Davalılar vekili, dava konusu taşınmaz üzerindeki binanın müvekkillerine ait olduğunu ileri sürerek muhdesatın aidiyetinin tespiti davası açmak üzere süre talep etmiştir.
Mahkemece, ortaklığın satış suretiyle giderilmesine karar verilmiştir.
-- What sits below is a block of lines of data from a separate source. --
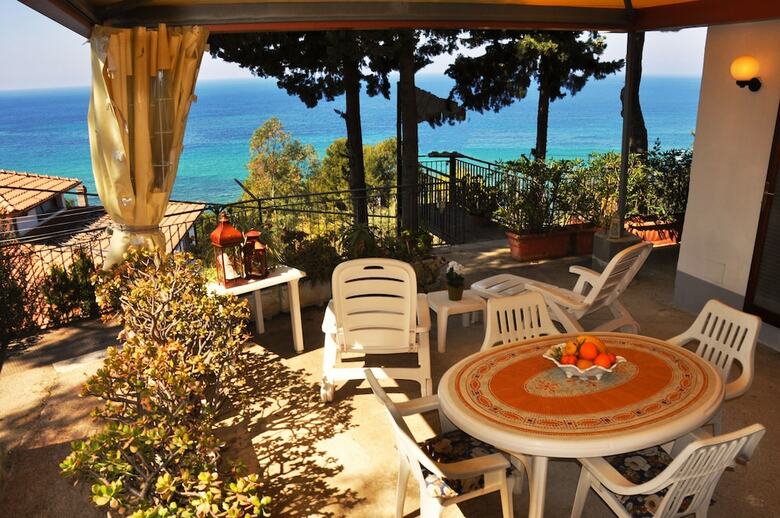 Villa Laura Apartment Sea View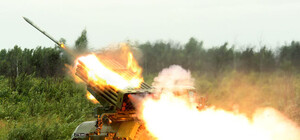 Появились видеосвидетельства очевидцев обстрела беженцев под Хрящеватым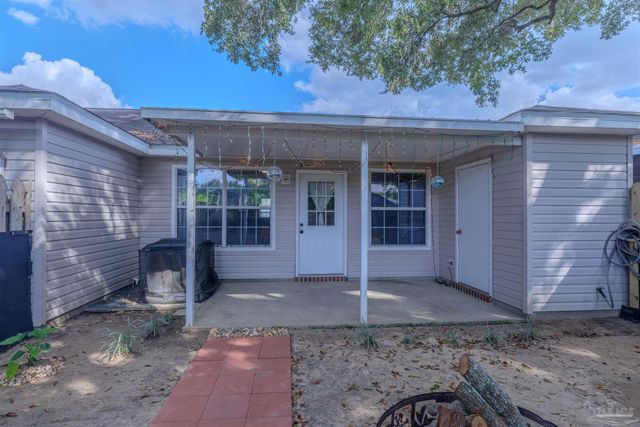 8139 Heirloom Dr, Pensacola, FL 32514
Hükmü, davalılar vekili temyiz etmiştir.
Paydaşlığın (ortaklığın) satış suretiyle giderilmesine ilişkin davalarda taşınmaz üzerinde bulunan bina, ağaç v.s. gibi bütünleyici parçaların (muhdesat) kime ait olduğu konusunda uyuşmazlık olup da bunlar üzerinde bazı paydaşların (ortaklar) hak iddia etmeleri ve öncelikle bu uyuşmazlığın giderilmesini istemeleri halinde o paydaşa görevli mahkemede dava açmak üzere HMK’nın 165. maddesi uyarınca uygun bir süre verilmelidir. Mahkemece verilen süre içerisinde dava açıldığı takdirde sonucunun beklenmesi, açılmadığı takdirde o konuda uyuşmazlık yokmuş gibi davaya devam edilmesi gerekir.
Somut olaya gelince; davalılar yargılama sırasında taşınmaz üzerindeki binanın kendilerine ait olduğunu savunarak bu konuda dava açmak üzere süre talebinde bulunduklarından mahkemece davalılara muhdesatın aidiyetinin tespiti davası açmak üzere süre verilmeli, verilen süre içerisinde dava açıldığı takdirde sonucu beklenmeli, açılmadığı takdirde o konuda uyuşmazlık yokmuş
gibi bir karar verilmesi gerekirken yazılı şekilde hüküm kurulması doğru görülmediğinden kararın bozulması gerekmiştir.
SONUÇ: Yukarıda açıklanan nedenlerle davalılar vekilinin temyiz itirazlarının kabulü ile hükmün BOZULMASINA, peşin harcın istek halinde yatırana iadesine, 26.12.2014 tarihinde oybirliği ile karar verildi.